Task description:
Please copy the lines below, exactly as they are, from the one with "Andy prepares the" through the one with "Sacred Smoke and", and leave out the pictures.

Given records:
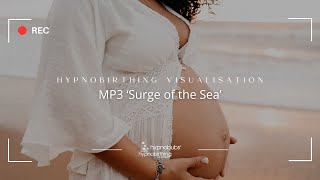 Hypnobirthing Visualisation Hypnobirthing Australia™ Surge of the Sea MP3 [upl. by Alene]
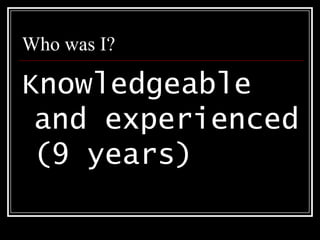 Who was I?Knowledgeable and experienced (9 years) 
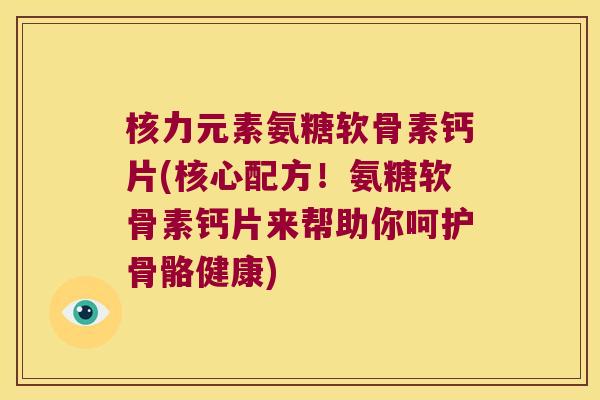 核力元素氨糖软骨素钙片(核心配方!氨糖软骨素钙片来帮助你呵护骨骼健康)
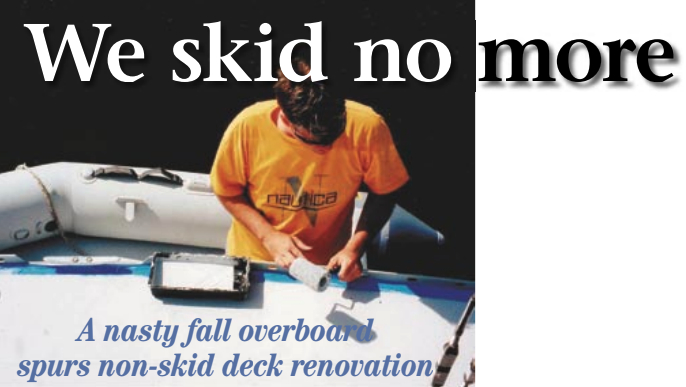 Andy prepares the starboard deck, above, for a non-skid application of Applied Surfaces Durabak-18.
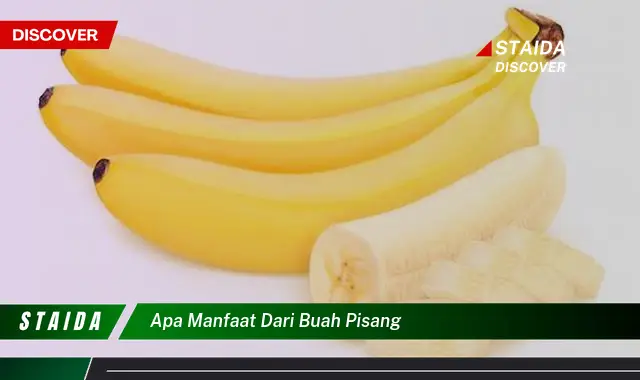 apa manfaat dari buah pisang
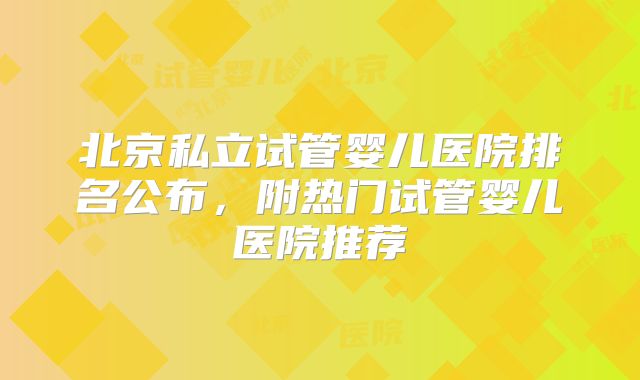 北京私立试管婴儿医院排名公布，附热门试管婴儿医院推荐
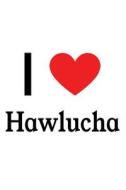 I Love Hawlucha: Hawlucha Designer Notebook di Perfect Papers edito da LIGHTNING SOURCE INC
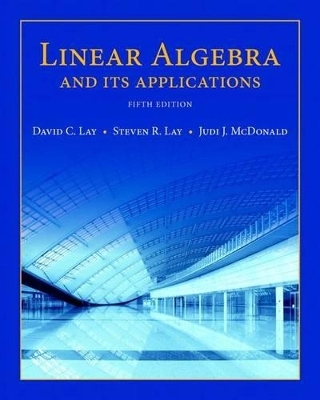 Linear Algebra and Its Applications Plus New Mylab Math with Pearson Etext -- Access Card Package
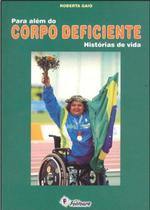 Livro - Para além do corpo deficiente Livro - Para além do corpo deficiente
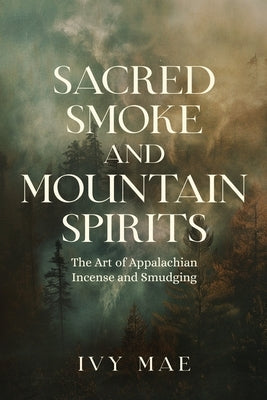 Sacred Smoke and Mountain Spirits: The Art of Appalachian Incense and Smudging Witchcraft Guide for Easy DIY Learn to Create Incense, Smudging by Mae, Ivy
---
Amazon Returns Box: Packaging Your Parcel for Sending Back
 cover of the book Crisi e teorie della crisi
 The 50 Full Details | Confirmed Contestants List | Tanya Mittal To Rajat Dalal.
...
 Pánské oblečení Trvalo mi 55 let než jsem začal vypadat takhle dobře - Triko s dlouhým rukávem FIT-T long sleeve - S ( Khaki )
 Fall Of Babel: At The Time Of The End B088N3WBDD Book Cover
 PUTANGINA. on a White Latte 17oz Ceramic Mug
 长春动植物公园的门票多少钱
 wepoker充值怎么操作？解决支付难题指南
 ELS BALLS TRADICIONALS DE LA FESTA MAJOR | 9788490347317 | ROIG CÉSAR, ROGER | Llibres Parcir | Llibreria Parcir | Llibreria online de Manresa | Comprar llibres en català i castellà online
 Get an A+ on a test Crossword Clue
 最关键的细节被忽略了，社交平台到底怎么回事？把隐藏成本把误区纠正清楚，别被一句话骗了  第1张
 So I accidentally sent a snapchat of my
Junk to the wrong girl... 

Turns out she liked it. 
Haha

Result of the task:
 Andy prepares the starboard deck, above, for a non-skid application of Applied Surfaces Durabak-18.
 apa manfaat dari buah pisang
 北京私立试管婴儿医院排名公布，附热门试管婴儿医院推荐
 I Love Hawlucha: Hawlucha Designer Notebook di Perfect Papers edito da LIGHTNING SOURCE INC
 Linear Algebra and Its Applications Plus New Mylab Math with Pearson Etext -- Access Card Package
 Livro - Para além do corpo deficiente Livro - Para além do corpo deficiente
 Sacred Smoke and Mountain Spirits: The Art of Appalachian Incense and Smudging Witchcraft Guide for Easy DIY Learn to Create Incense, Smudging by Mae, Ivy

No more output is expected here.